EXERCISE DETAILS:
Please output exactly the part of the records below that opens with the line containing "Shape Pull Over" and closes with the line containing "50pcs Hollow Cross", both lines included, and nothing else.

SOURCE MATERIAL:
▽
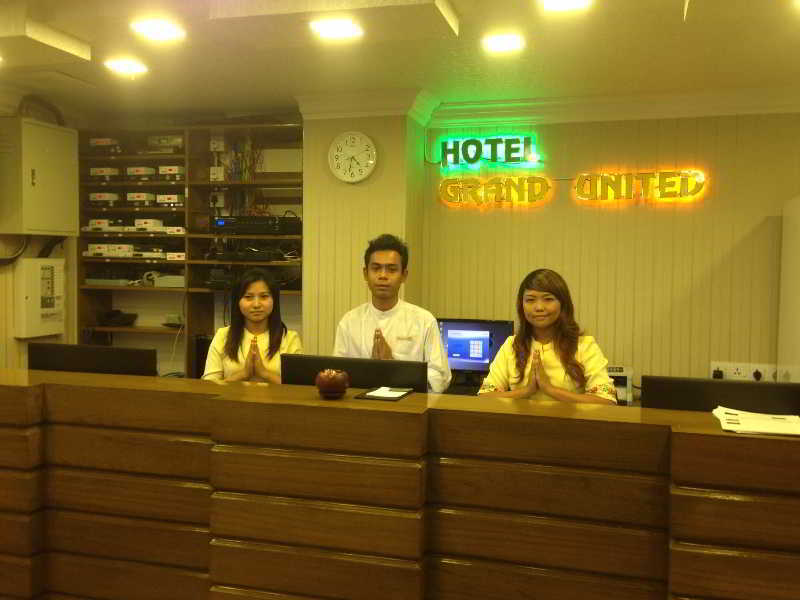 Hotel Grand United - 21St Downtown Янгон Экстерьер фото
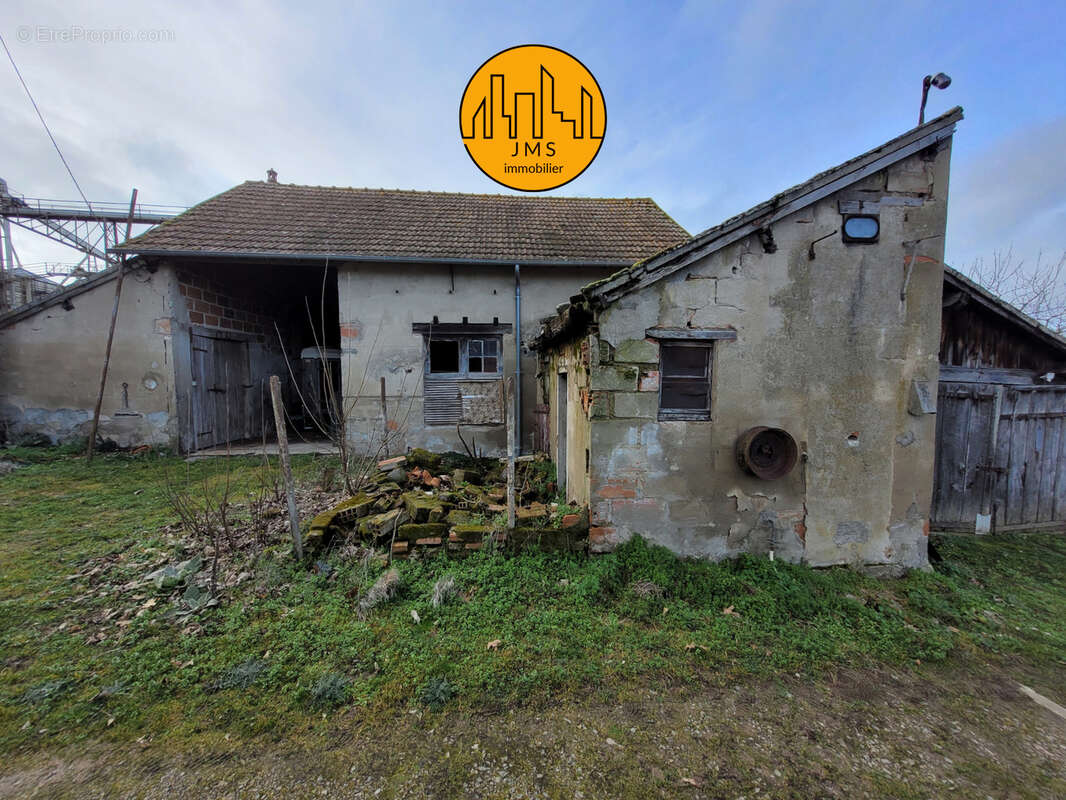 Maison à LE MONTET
△
▽
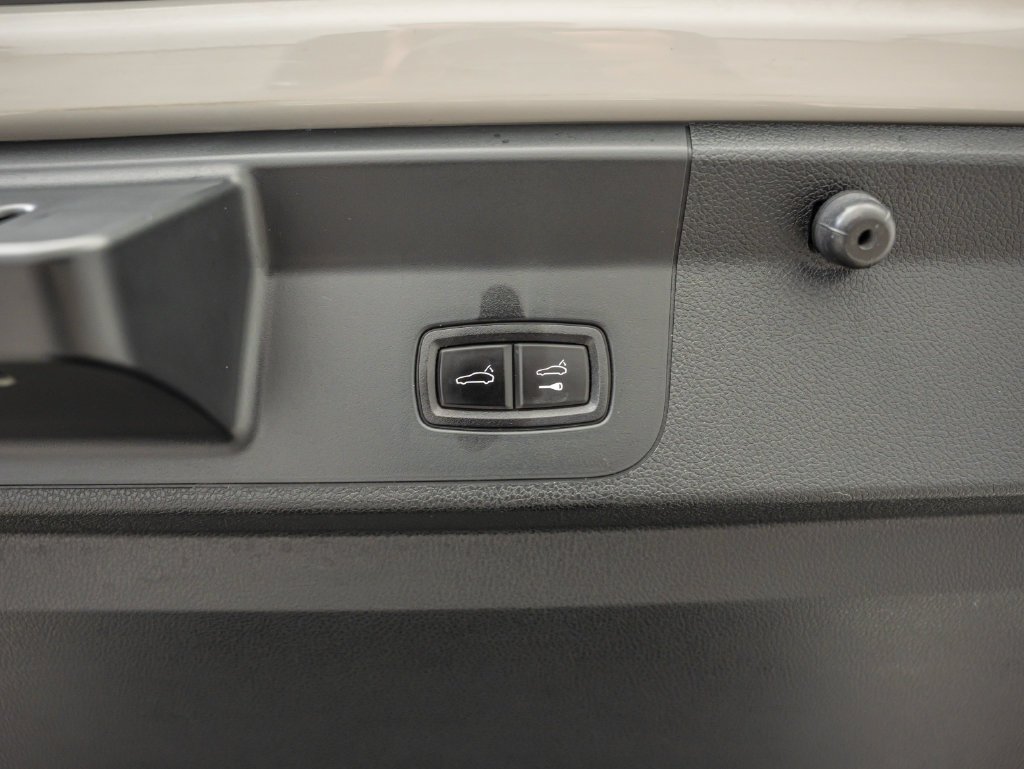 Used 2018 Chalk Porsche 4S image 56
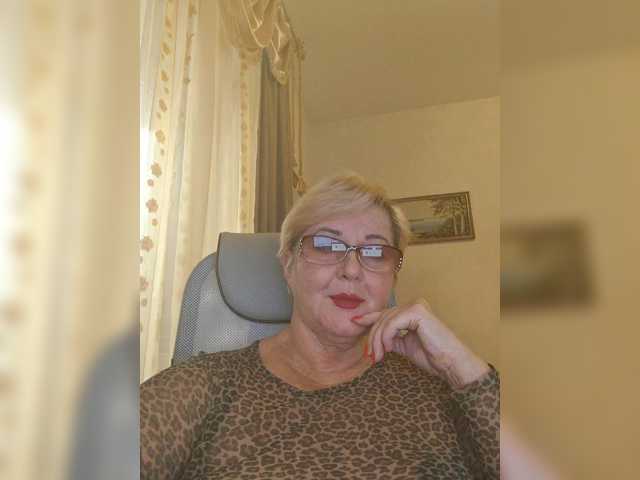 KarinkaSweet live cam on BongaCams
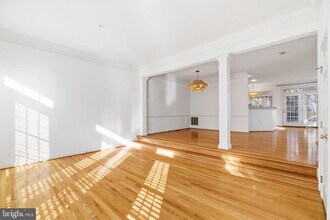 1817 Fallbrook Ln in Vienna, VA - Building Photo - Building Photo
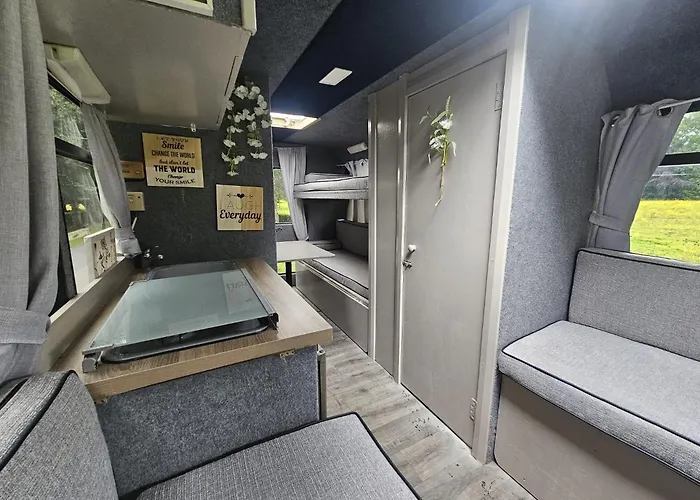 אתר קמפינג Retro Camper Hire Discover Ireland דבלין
△
▽
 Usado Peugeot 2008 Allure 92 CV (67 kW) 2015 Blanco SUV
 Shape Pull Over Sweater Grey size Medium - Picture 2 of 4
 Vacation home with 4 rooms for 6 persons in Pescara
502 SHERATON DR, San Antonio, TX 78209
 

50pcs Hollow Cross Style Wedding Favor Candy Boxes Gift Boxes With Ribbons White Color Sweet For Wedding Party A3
△
RESPONSE:
 Shape Pull Over Sweater Grey size Medium - Picture 2 of 4
 Vacation home with 4 rooms for 6 persons in Pescara
502 SHERATON DR, San Antonio, TX 78209
 

50pcs Hollow Cross Style Wedding Favor Candy Boxes Gift Boxes With Ribbons White Color Sweet For Wedding Party A3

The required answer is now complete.